What the exercise asks -
Your response should be the complete data, transcribed exactly.

Dataset items:
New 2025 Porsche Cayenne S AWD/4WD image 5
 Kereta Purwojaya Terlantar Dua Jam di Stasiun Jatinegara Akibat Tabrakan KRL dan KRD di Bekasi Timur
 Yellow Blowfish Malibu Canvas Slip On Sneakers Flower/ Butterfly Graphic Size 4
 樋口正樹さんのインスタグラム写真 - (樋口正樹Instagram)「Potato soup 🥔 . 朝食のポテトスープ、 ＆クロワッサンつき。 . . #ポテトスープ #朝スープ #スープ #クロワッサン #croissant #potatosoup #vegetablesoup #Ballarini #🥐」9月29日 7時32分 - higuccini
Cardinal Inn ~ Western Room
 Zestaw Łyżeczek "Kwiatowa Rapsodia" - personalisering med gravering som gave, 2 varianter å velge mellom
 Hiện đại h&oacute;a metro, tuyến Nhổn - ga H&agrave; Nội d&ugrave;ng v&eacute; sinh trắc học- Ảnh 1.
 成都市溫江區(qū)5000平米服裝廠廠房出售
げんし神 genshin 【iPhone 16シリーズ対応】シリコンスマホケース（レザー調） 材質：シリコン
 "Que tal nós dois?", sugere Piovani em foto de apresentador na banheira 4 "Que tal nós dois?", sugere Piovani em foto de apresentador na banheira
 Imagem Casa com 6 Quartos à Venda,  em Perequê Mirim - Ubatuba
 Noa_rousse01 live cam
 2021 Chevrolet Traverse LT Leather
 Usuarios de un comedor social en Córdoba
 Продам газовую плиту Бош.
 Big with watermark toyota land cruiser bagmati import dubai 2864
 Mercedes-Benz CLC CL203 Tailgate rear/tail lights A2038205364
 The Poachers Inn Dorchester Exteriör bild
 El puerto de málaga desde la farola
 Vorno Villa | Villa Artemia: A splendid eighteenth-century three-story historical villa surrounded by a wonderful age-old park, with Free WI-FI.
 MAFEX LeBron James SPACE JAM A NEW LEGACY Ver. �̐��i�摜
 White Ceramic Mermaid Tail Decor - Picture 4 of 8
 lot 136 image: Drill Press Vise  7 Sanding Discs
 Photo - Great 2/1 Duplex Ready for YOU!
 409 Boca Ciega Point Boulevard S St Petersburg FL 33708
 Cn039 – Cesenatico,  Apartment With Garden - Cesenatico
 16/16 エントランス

Completed task -
New 2025 Porsche Cayenne S AWD/4WD image 5
 Kereta Purwojaya Terlantar Dua Jam di Stasiun Jatinegara Akibat Tabrakan KRL dan KRD di Bekasi Timur
 Yellow Blowfish Malibu Canvas Slip On Sneakers Flower/ Butterfly Graphic Size 4
 樋口正樹さんのインスタグラム写真 - (樋口正樹Instagram)「Potato soup 🥔 . 朝食のポテトスープ、 ＆クロワッサンつき。 . . #ポテトスープ #朝スープ #スープ #クロワッサン #croissant #potatosoup #vegetablesoup #Ballarini #🥐」9月29日 7時32分 - higuccini
Cardinal Inn ~ Western Room
 Zestaw Łyżeczek "Kwiatowa Rapsodia" - personalisering med gravering som gave, 2 varianter å velge mellom
 Hiện đại h&oacute;a metro, tuyến Nhổn - ga H&agrave; Nội d&ugrave;ng v&eacute; sinh trắc học- Ảnh 1.
 成都市溫江區(qū)5000平米服裝廠廠房出售
げんし神 genshin 【iPhone 16シリーズ対応】シリコンスマホケース（レザー調） 材質：シリコン
 "Que tal nós dois?", sugere Piovani em foto de apresentador na banheira 4 "Que tal nós dois?", sugere Piovani em foto de apresentador na banheira
 Imagem Casa com 6 Quartos à Venda,  em Perequê Mirim - Ubatuba
 Noa_rousse01 live cam
 2021 Chevrolet Traverse LT Leather
 Usuarios de un comedor social en Córdoba
 Продам газовую плиту Бош.
 Big with watermark toyota land cruiser bagmati import dubai 2864
 Mercedes-Benz CLC CL203 Tailgate rear/tail lights A2038205364
 The Poachers Inn Dorchester Exteriör bild
 El puerto de málaga desde la farola
 Vorno Villa | Villa Artemia: A splendid eighteenth-century three-story historical villa surrounded by a wonderful age-old park, with Free WI-FI.
 MAFEX LeBron James SPACE JAM A NEW LEGACY Ver. �̐��i�摜
 White Ceramic Mermaid Tail Decor - Picture 4 of 8
 lot 136 image: Drill Press Vise  7 Sanding Discs
 Photo - Great 2/1 Duplex Ready for YOU!
 409 Boca Ciega Point Boulevard S St Petersburg FL 33708
 Cn039 – Cesenatico,  Apartment With Garden - Cesenatico
 16/16 エントランス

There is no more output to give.